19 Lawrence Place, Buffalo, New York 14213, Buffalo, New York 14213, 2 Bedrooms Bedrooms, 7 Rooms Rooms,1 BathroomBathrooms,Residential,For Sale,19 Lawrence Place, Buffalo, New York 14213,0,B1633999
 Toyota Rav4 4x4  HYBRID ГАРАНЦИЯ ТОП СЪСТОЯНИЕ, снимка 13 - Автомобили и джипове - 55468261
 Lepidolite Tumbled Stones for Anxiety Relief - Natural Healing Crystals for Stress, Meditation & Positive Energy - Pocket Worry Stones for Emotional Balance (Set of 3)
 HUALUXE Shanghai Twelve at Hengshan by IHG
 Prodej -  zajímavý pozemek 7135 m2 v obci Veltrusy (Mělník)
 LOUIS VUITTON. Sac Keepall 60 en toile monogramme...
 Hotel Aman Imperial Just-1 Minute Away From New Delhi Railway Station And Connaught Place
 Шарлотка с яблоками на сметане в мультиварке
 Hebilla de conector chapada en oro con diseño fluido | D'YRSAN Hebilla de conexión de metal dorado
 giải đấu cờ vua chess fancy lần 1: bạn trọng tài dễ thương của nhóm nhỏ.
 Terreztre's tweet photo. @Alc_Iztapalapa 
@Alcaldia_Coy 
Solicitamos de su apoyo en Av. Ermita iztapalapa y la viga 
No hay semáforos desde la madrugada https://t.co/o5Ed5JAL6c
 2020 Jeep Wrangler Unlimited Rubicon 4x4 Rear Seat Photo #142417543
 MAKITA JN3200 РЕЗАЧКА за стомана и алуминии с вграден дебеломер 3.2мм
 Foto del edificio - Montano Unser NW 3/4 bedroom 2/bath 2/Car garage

^^^^^^^^^^^^^^^^

▶ **Exercise**
Copy out each line from the preceding entries that mentions the word "Place".

▶ **Reply to the exercise**
19 Lawrence Place, Buffalo, New York 14213, Buffalo, New York 14213, 2 Bedrooms Bedrooms, 7 Rooms Rooms,1 BathroomBathrooms,Residential,For Sale,19 Lawrence Place, Buffalo, New York 14213,0,B1633999
 Hotel Aman Imperial Just-1 Minute Away From New Delhi Railway Station And Connaught Place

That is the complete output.